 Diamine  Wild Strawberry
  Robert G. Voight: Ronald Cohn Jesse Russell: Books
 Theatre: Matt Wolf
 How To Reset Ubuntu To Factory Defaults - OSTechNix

:::::

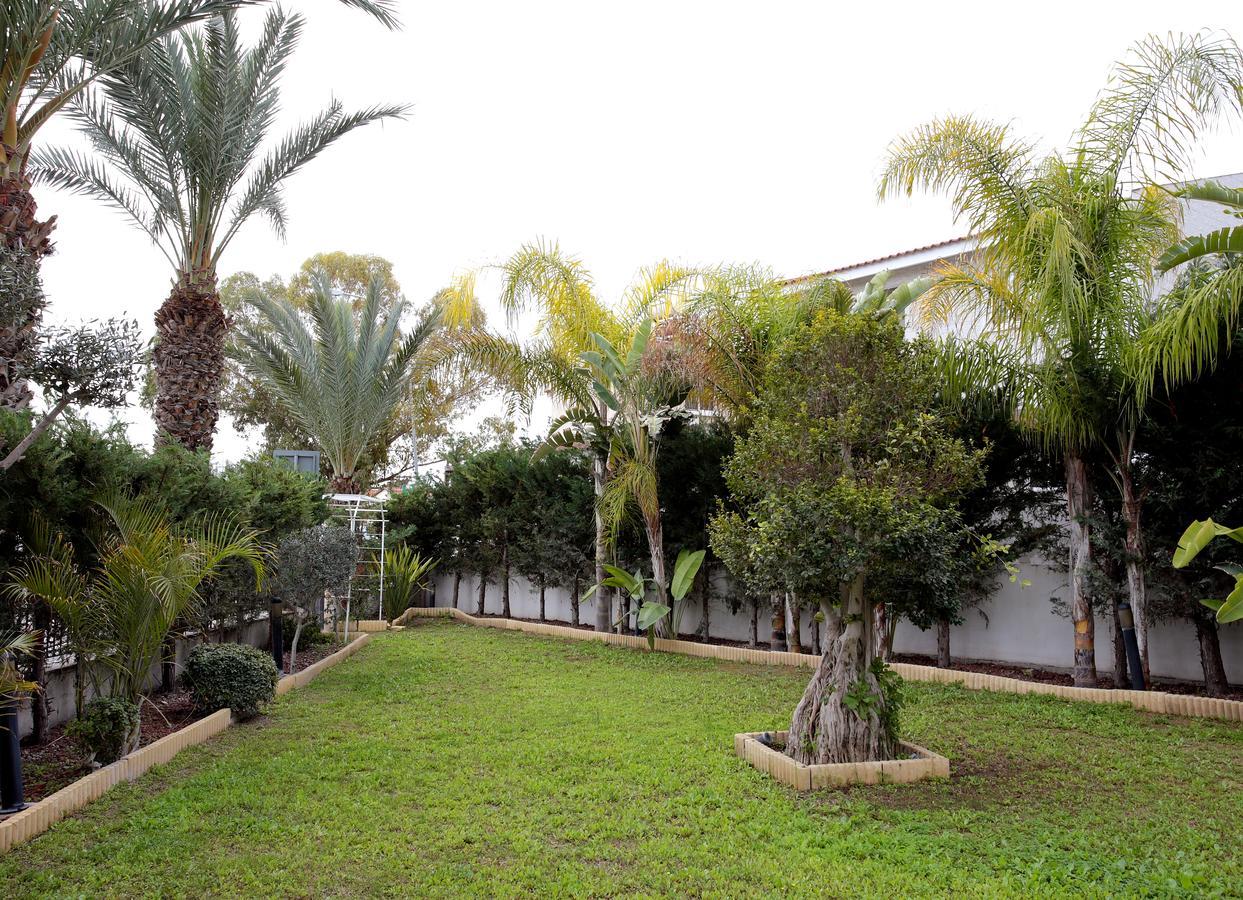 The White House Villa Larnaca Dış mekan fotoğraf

:::::

What this task involves: Only one stretch of the data above is needed. Restate it word for word, from the line containing "Theatre: Matt Wolf" through the line containing "How To Reset", both ends included.

Solution to this problem:
 Theatre: Matt Wolf
 How To Reset Ubuntu To Factory Defaults - OSTechNix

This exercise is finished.